Turnover is expensive. Replacing an employee who quits costs, on average, 21% of their annual pay. Research on private sector companies found that turnover in senior management makes the entire organisation perform substantially worse.

Churn is not an easy problem to tackle — but outside of pay rises and promotions, there are proven tactics managers can take. Apolitical spoke to human resources professionals and management experts, who shared their top tips.

1. Find out why people are leaving

Too many employers miss the opportunity to understand the — often simple — reasons employees quit by neglecting to ask the right questions.

Exit interviews are standard practice across many departments, but they’re often poorly designed. To figure out why people are leaving, you need to get to the root of the obstacles they have faced. Collecting and analysing this data can be key to preventing churn.

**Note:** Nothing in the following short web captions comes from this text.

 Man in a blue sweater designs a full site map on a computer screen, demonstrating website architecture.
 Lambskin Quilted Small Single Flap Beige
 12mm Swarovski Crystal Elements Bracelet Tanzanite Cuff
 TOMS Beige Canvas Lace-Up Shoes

Exit interviews should be comprehensive, and ask questions such as:

  •   What could have been done for you to remain employed here?
  •   Do you feel your job description changed since you were hired?
  •   How would you describe the culture of the department?
  •   What qualities should we look for in your replacement?
  •   Do you think management recognised your contributions? If not, how could recognition be improved?
  •   Under what circumstances, if any, would you consider returning?

2. Make education and training available to all staff

Technological change is expected to eliminate 77% of the public sector’s administration and operation roles by 2030. Public servants are eager to learn the skills necessary for the future of work — departments just have to give them the opportunity to do so.

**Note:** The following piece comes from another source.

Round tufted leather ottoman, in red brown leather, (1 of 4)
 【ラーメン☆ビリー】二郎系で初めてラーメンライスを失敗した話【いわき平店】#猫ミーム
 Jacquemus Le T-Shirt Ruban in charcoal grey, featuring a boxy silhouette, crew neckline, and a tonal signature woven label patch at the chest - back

“Within government — central, local and devolved — there needs to be a focus on opportunities for people to learn on the job. Enabling people to build skills and move into other areas would help the civil service as a whole,” said Leighton Andrews, a former education minister in the Welsh government now at Cardiff Business School.

3. Create an enjoyable work culture

Managers often overlook how important a positive work environment is, but studies show that employees who enjoy their workplace culture are more likely to stay on.

First, managers should encourage social interaction and team bonding. This helps employees work together more effectively by improving collaboration, communication and trust.

Second, managers must give employees respect and meaningful recognition. Praise is the most cost-effective way to maintain a happy, productive workforce: a simple email recognising achievements — with upper management copied — can make a big difference. Division-wide memos, awards and peer-recognition programs are also easy ways to create a positive work environment.

4. Offer flexibility

“There are lots of things we can do to reduce churn, one of which is being a flexible employer. Focusing on people as human beings, and their needs in terms of work-life balance, is critical. It’s about more than just the money,” said Jack Markiewicz, an organisational design consultant at the UK’s Department for Work and Pensions.

In a survey of entry-level workers in the US, 83% of young people said they would be more likely to stay in their current job if they had more control over their schedules. The benefits of flexible working are well-established — from increased employee engagement to better job performance.

Employers should pay attention to employees’ personal needs and offer flexibility where possible. This can take the form of remote work, reduced schedules and on-site daycare.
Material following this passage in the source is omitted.